TEMPO.CO, Jakarta - Nilai tukar rupiah melemah terhadap dolar Amerika Serikat hingga menyentuh 15.000 per dolar AS. Pelemahan rupiah terjadi di tengah-tengah kian buruknya sentimen pada aset negara berkembang dilihat dari defisit transaksi berjalan yang kian melebar.

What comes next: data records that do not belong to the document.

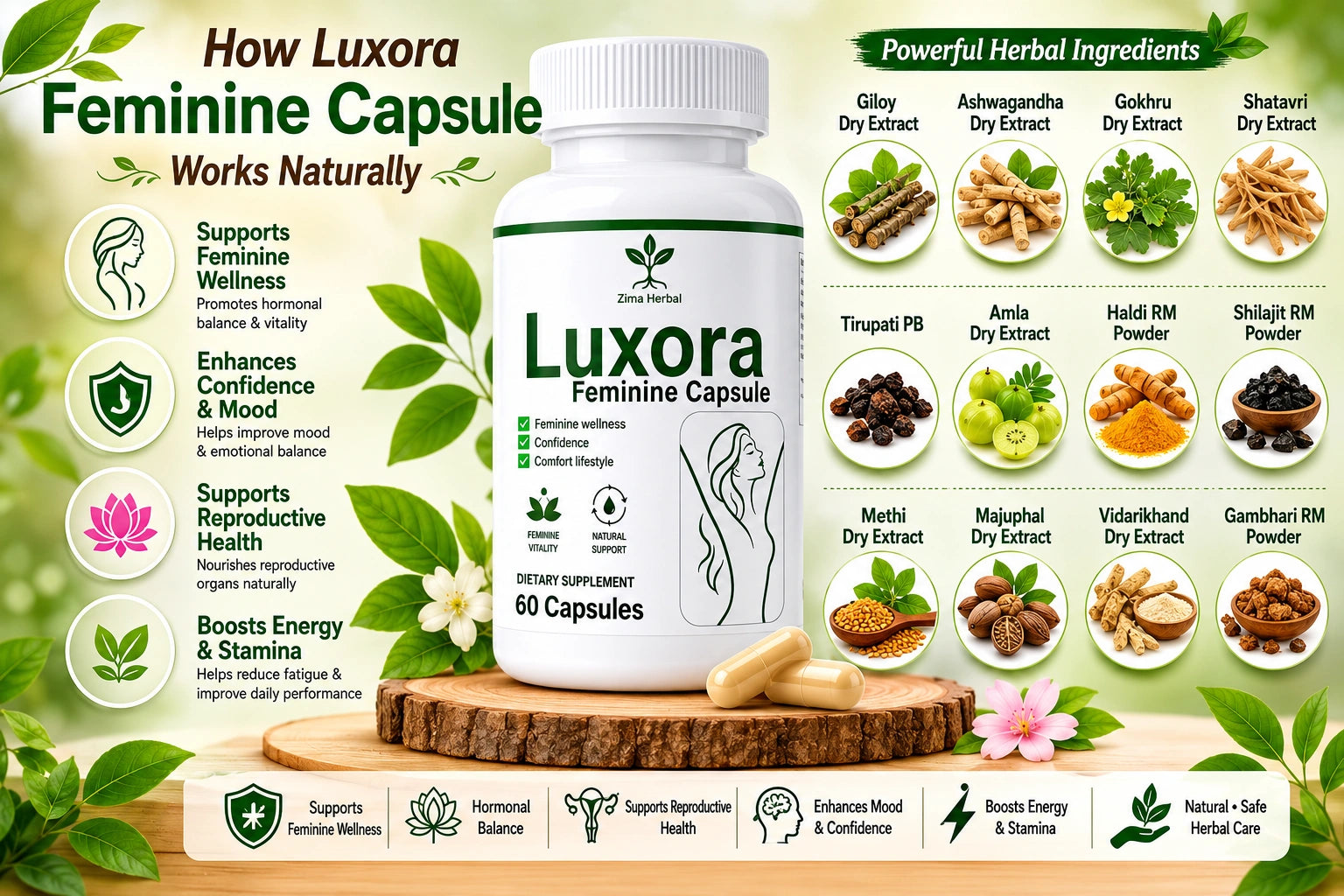 Luxora Feminine Capsule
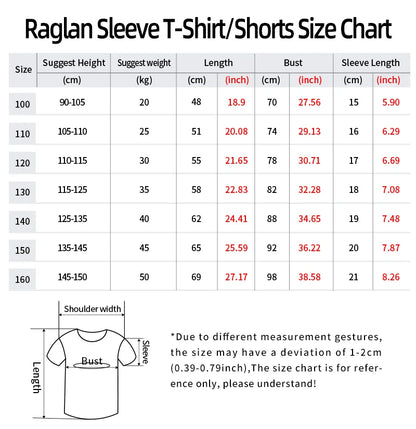 Stitch Cartoon Style T-shirt for Kids Boys Girls Breathable Quick Dry Soft Fabric Summer Sports Casual Jersey Top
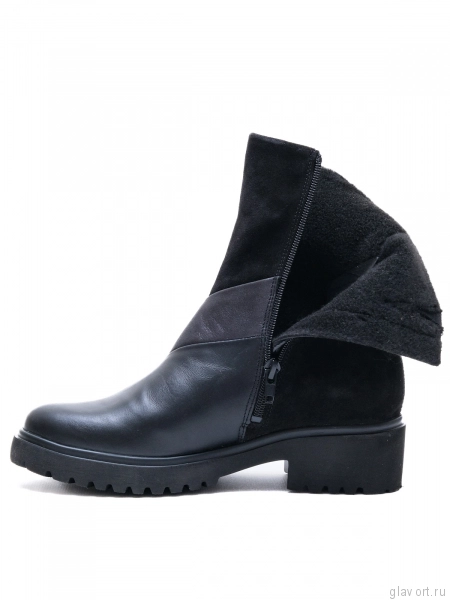 Waldlaufer полусапоги женские H-Luise, 716818-300001, черный 716818-300001-3-5 фото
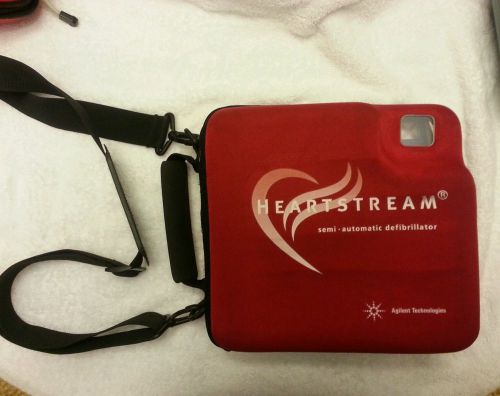 Philips agilent heartstream defib fr2 + aed defibrillator infant and adult pads! for sale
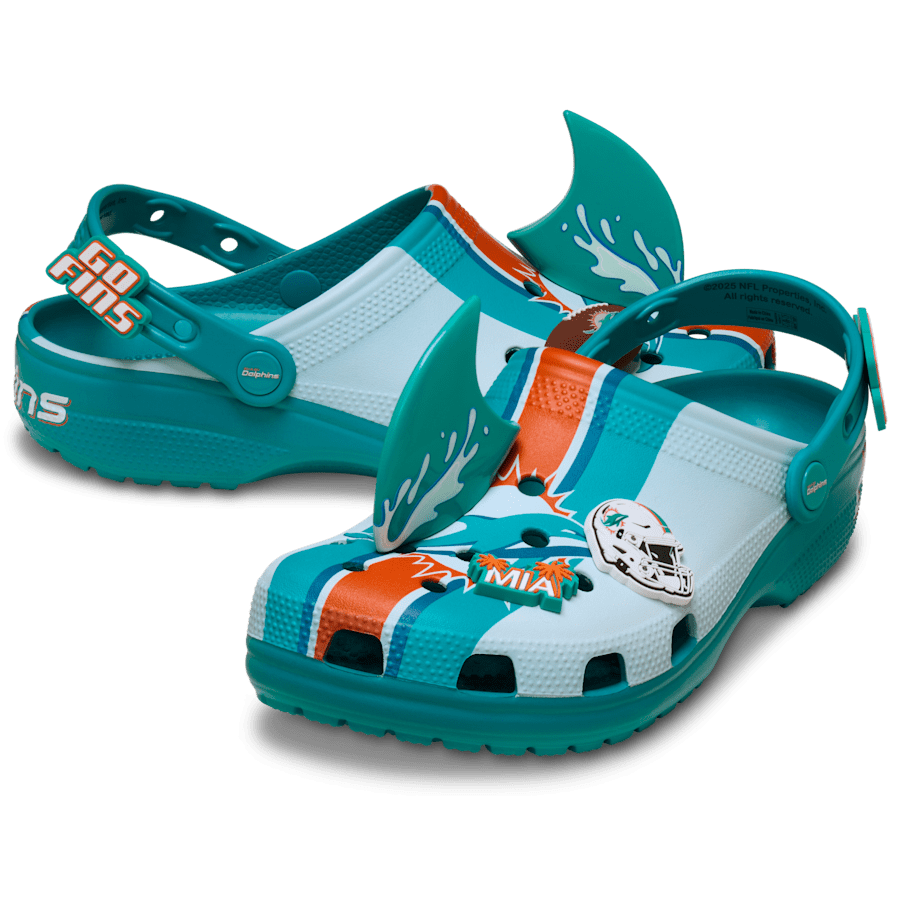 Crocs - NFL Miami Dolphins Classic Clog Women|Men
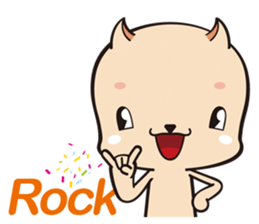 Juice cat love you! sticker #6630146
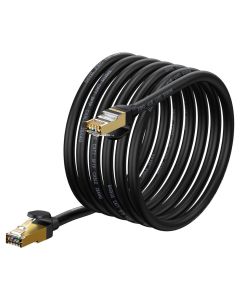 Baseus Seven High Speed RJ45 Network Cable 10Gbps (WKJS010501) Καλώδιο Ethernet 5m Black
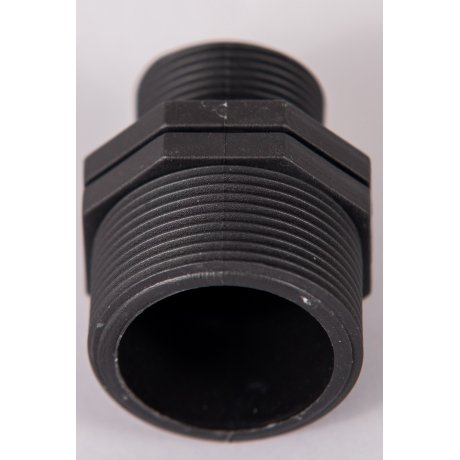 Plastová vsuvka redukovaná vnější závit (M/M)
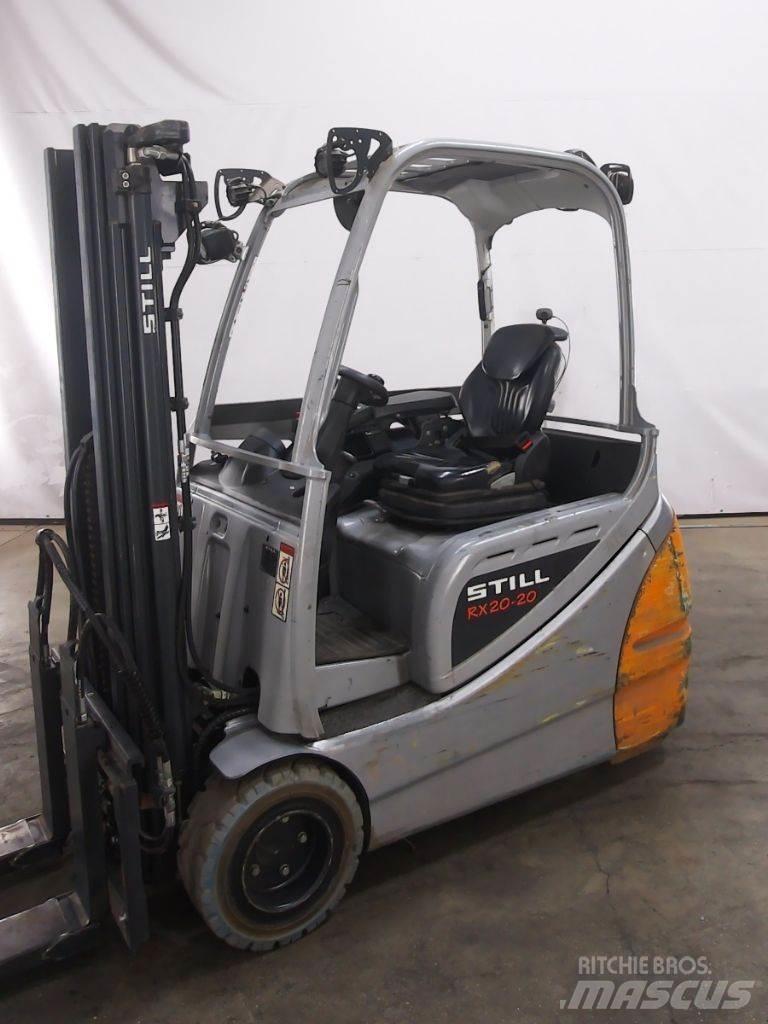 Still RX20-20 Wózki elektryczne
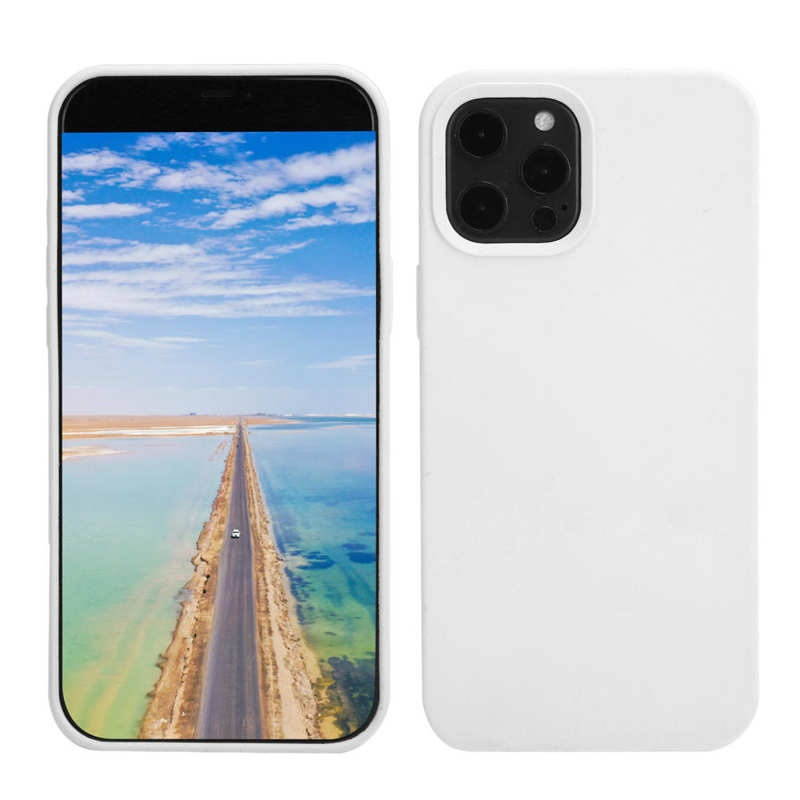 smartphone case Mobile Phone Case Liquid Silicone Shockproof Phone Protection Cover for iPhone 12 ProMax shockproof fitted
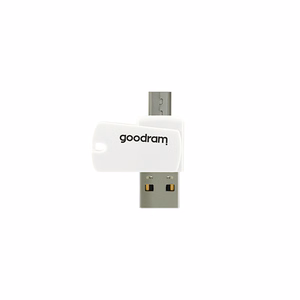 GoodRam muistikortti 16 GB microSDHC luokka 10 UHS-I + sovitin + kortinlukija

Baca: Suku Bunga The Fed Naik, Rupiah Jeblok ke Rp 14.908 per Dolar AS
Pergerakan kurs rupiah pada Selasa, 2 Oktober 2018 sempat menyentuh Rp15.009 per dolar AS dan kembali ke Rp 14.997 per dolar AS, melemah 86,5 poin atau 0,58 persen. Posisi tersebut menjadi yang terlemah sejak krisis keuangan di Asia pada Juli 1998 silam.
Rupiah melemah hingga lebih dari 9 persen terhadap dolar AS sepanjang 2018. Sementara itu, indeks dolar AS masih mengalami penguatan tipis 0,02 persen di posisi 95,31. Adapun defisit transaksi Indonesia diperkirakan melebar menjadi 2,6 persen.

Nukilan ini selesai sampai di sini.